4) OCaml version 3.10.2 released
5) Call for help: identify corrupted bytecode packages on Ubuntu Hardy
6) OCaml-Java project : beta version
7) PLplot library bindings update (5.8.0)
8) PhD positions in Functional Programming at Chalmers in Sweden

========================================================================
1) Please a simple Camlp5 example
Archive: <http://groups.google.com/group/fa.caml/browse_frm/thread/5bd8dd39dd6d3dd2/915fcc21c794c10b#915fcc21c794c10b 
 >
------------------------------------------------------------------------
** Fabrice Marchant asked and Richard Jones answered:

 >   I bet this kind of code should be rather common :
 > let string_of_piece_type = function
 >   King   -> "King"
 > | Queen  -> "Queen"
 > | Rook   -> "Rook"
 > | Bishop -> "Bishop"
 > | Knight -> "Knight"
 > | Pawn   -> "Pawn"
 >  Please have you got an example where the macro helps to implement  
such
 > kind of "string_of_type" function ?

You probably want to look at deriving (<http://code.google.com/p/deriving/ 
 >)
or tywith (<http://www.seedwiki.com/wiki/shifting_focus/tywith>) which
can generate these functions automatically.
			
========================================================================
2) Long-term storage of values
Archive: <http://groups.google.com/group/fa.caml/browse_frm/thread/2b4a8a9fbc70adf5/87bcf0f0a12968d3#87bcf0f0a12968d3 
 >
------------------------------------------------------------------------
** Dario Teixeira asked:

Suppose I have a value of type Story.t, fairly complex in its  
definition.
I wish to store this value in a DB (like Postgresql) for posterity.
At the moment, I am storing in the DB the marshalled representation
of the data; whenever I need to use it again in the Ocaml programme
I simply fetch it from the DB and unmarshal it.

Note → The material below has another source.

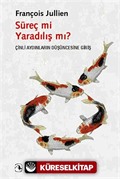 Süreç mi Yaradılış mı?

This works fine; there is however one nagging problem: the marshalled
representation is brittle.  If Story.t changes even slightly, I will
no longer be able to retrieve values marshalled with the old version.

Note that changes to Story.t are likely to be small and will not
invalidate backwards compatibility (e.g., here or there another
variant might be added, but not removed or renamed).

I am therefore looking for an alternative to marshalling that a) does
not suffer from the brittleness problem, and b) is fast.  At the
moment, the best thing that occurs to me is to convert the data into
XML and to store it as such in the DB (the data is easily converted
into XML).

This strikes me as problem bound to be common.  How do you guys  
typically
solve this sort of situation?  In addition, if the XML route is indeed
the best one, what Ocaml tools would you recommend?  (Again, this is
for an application where speed is of the essence).
			
** David MENTRE suggested:

I asked a similar question once. One of the answer was to use Sexplib,
to store your values as Lisp S-exp:
<http://www.ocaml.info/home/ocaml_sources.html#toc11>

You could also use Config_file: <http://home.gna.org/cameleon/configfile.en.html 
 >
			
** Basile STARYNKEVITCH also answered:

It is even theoretically a very difficult problem. There have been some
publications by Cristal, Moscova, Gallium people at INRIA.

Assuming you have no abstract types, no objects, and no closures, and no
polymorphisms i.e. that there is a *.ml source file containing all the
type definitions. Then the types are composed by base types (int,
string, ...), sums, records, and perhaps arrays.

Then you could consider what are the deltas on the type definition.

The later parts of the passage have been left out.